- WHAT YOU HAVE TO DO -
When you reach the line containing "Filzverein Lenzen e.V." in the entries below, start writing out each line exactly, and stop after the line containing "double coat by Selfnex".
DATASET RECORDS START
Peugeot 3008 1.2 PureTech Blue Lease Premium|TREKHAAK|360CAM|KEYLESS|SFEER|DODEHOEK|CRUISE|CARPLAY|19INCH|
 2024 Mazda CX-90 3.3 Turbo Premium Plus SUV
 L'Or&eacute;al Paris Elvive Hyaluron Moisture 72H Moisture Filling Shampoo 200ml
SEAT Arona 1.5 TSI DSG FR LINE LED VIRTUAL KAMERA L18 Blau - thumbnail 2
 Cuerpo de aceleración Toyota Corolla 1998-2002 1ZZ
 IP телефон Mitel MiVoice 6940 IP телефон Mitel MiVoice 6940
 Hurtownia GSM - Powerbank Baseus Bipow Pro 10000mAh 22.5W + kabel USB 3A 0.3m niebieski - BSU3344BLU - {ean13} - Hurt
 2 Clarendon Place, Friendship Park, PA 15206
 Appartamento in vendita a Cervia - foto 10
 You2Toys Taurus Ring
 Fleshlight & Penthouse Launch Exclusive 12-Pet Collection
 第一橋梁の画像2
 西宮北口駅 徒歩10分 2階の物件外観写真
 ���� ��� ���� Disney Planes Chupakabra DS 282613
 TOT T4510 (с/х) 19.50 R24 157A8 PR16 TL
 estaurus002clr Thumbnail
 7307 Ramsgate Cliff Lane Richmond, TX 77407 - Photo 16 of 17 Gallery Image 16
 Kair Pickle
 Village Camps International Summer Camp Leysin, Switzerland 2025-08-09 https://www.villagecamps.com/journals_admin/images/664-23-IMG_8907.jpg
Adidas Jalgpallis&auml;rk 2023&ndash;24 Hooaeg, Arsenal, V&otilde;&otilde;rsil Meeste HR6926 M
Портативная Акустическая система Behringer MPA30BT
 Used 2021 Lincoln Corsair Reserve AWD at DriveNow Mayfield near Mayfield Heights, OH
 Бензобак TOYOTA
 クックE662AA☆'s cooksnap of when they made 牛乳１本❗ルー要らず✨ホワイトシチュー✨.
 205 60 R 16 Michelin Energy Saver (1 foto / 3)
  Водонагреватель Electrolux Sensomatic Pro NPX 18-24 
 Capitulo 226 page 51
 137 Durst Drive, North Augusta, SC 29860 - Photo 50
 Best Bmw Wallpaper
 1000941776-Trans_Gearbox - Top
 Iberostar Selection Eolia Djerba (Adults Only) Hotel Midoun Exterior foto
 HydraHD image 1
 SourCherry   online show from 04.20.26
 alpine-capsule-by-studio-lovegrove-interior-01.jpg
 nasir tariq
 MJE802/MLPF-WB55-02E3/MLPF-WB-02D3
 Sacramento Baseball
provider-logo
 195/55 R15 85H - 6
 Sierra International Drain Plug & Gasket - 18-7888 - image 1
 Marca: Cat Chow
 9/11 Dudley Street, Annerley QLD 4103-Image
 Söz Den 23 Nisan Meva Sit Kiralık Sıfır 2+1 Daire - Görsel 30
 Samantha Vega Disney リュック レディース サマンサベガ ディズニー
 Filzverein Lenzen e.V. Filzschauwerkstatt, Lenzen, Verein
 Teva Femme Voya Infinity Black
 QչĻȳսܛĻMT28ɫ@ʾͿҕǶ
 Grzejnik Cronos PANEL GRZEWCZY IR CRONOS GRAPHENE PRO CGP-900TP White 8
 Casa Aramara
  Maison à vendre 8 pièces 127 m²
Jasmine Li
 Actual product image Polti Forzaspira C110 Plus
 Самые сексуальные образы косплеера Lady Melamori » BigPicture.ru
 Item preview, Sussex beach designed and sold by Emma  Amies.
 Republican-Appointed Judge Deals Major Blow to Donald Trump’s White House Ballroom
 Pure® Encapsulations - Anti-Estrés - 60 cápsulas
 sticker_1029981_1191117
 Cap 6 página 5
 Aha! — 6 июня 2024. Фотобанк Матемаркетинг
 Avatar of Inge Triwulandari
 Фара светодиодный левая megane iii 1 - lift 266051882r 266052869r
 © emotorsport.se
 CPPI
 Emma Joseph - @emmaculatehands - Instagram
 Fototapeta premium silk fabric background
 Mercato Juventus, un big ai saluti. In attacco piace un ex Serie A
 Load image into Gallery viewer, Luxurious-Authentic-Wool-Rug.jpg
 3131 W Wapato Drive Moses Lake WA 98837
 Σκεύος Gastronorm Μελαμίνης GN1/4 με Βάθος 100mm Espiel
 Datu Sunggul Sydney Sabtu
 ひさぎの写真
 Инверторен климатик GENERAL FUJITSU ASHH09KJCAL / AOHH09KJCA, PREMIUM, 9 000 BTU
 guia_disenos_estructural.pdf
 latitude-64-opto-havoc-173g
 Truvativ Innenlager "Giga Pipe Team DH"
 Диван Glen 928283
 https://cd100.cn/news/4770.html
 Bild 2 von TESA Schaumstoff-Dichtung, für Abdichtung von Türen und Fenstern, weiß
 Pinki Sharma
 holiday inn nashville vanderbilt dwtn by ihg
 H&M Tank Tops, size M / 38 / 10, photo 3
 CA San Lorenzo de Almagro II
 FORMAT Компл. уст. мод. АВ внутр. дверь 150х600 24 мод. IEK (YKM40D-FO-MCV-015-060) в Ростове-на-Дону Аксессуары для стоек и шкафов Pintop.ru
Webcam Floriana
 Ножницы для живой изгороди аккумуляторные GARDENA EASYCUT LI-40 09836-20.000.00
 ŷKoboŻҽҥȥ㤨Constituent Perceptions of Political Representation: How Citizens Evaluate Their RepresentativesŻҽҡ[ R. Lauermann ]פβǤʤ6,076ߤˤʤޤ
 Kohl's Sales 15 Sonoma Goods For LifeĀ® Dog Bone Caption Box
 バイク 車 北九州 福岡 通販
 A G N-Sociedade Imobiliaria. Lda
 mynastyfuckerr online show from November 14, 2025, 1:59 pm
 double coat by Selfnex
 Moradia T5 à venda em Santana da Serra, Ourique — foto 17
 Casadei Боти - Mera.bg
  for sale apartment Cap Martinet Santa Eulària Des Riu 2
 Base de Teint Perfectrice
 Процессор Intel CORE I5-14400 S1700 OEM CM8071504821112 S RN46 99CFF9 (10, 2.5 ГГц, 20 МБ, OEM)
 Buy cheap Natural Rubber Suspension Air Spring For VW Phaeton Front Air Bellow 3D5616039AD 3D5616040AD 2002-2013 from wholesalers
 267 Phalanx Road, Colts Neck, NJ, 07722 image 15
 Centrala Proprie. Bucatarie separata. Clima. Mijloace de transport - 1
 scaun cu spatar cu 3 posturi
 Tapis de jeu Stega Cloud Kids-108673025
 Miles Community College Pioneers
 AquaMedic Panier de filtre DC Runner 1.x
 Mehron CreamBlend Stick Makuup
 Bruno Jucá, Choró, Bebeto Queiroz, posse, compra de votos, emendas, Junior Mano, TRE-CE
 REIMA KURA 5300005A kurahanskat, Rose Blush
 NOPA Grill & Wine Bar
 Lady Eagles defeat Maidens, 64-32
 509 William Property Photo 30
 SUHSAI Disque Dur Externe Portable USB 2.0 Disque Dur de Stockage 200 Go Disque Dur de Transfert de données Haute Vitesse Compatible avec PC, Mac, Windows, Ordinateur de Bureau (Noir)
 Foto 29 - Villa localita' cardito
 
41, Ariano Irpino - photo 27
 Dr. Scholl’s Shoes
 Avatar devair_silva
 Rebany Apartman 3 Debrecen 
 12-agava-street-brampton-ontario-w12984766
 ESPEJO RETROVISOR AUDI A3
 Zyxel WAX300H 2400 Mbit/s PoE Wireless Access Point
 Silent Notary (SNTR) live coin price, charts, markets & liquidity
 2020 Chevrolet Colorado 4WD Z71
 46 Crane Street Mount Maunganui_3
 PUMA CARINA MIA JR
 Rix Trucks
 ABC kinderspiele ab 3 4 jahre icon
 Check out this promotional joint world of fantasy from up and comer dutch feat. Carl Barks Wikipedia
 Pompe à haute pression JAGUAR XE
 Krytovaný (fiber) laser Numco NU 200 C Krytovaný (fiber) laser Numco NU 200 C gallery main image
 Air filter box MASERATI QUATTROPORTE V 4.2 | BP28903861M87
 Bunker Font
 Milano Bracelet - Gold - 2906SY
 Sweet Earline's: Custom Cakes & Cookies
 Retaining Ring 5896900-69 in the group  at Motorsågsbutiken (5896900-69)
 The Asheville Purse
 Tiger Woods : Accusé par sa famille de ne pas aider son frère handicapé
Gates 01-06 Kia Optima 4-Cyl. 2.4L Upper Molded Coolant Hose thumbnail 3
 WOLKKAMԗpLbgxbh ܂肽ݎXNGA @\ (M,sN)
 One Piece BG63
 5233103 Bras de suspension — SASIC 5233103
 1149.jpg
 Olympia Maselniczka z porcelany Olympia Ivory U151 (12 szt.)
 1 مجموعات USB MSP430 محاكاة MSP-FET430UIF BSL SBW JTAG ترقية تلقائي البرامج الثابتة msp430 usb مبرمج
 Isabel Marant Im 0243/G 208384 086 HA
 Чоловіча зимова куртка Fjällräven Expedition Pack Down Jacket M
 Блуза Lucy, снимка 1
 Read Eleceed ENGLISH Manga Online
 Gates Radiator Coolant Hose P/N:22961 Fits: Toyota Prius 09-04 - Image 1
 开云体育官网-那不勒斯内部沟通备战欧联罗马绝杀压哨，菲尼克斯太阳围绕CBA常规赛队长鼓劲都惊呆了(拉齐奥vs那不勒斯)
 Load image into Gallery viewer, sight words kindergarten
DATASET RECORDS END
- EXERCISE ANSWER -
 Filzverein Lenzen e.V. Filzschauwerkstatt, Lenzen, Verein
 Teva Femme Voya Infinity Black
 QչĻȳսܛĻMT28ɫ@ʾͿҕǶ
 Grzejnik Cronos PANEL GRZEWCZY IR CRONOS GRAPHENE PRO CGP-900TP White 8
 Casa Aramara
  Maison à vendre 8 pièces 127 m²
Jasmine Li
 Actual product image Polti Forzaspira C110 Plus
 Самые сексуальные образы косплеера Lady Melamori » BigPicture.ru
 Item preview, Sussex beach designed and sold by Emma  Amies.
 Republican-Appointed Judge Deals Major Blow to Donald Trump’s White House Ballroom
 Pure® Encapsulations - Anti-Estrés - 60 cápsulas
 sticker_1029981_1191117
 Cap 6 página 5
 Aha! — 6 июня 2024. Фотобанк Матемаркетинг
 Avatar of Inge Triwulandari
 Фара светодиодный левая megane iii 1 - lift 266051882r 266052869r
 © emotorsport.se
 CPPI
 Emma Joseph - @emmaculatehands - Instagram
 Fototapeta premium silk fabric background
 Mercato Juventus, un big ai saluti. In attacco piace un ex Serie A
 Load image into Gallery viewer, Luxurious-Authentic-Wool-Rug.jpg
 3131 W Wapato Drive Moses Lake WA 98837
 Σκεύος Gastronorm Μελαμίνης GN1/4 με Βάθος 100mm Espiel
 Datu Sunggul Sydney Sabtu
 ひさぎの写真
 Инверторен климатик GENERAL FUJITSU ASHH09KJCAL / AOHH09KJCA, PREMIUM, 9 000 BTU
 guia_disenos_estructural.pdf
 latitude-64-opto-havoc-173g
 Truvativ Innenlager "Giga Pipe Team DH"
 Диван Glen 928283
 https://cd100.cn/news/4770.html
 Bild 2 von TESA Schaumstoff-Dichtung, für Abdichtung von Türen und Fenstern, weiß
 Pinki Sharma
 holiday inn nashville vanderbilt dwtn by ihg
 H&M Tank Tops, size M / 38 / 10, photo 3
 CA San Lorenzo de Almagro II
 FORMAT Компл. уст. мод. АВ внутр. дверь 150х600 24 мод. IEK (YKM40D-FO-MCV-015-060) в Ростове-на-Дону Аксессуары для стоек и шкафов Pintop.ru
Webcam Floriana
 Ножницы для живой изгороди аккумуляторные GARDENA EASYCUT LI-40 09836-20.000.00
 ŷKoboŻҽҥȥ㤨Constituent Perceptions of Political Representation: How Citizens Evaluate Their RepresentativesŻҽҡ[ R. Lauermann ]פβǤʤ6,076ߤˤʤޤ
 Kohl's Sales 15 Sonoma Goods For LifeĀ® Dog Bone Caption Box
 バイク 車 北九州 福岡 通販
 A G N-Sociedade Imobiliaria. Lda
 mynastyfuckerr online show from November 14, 2025, 1:59 pm
 double coat by Selfnex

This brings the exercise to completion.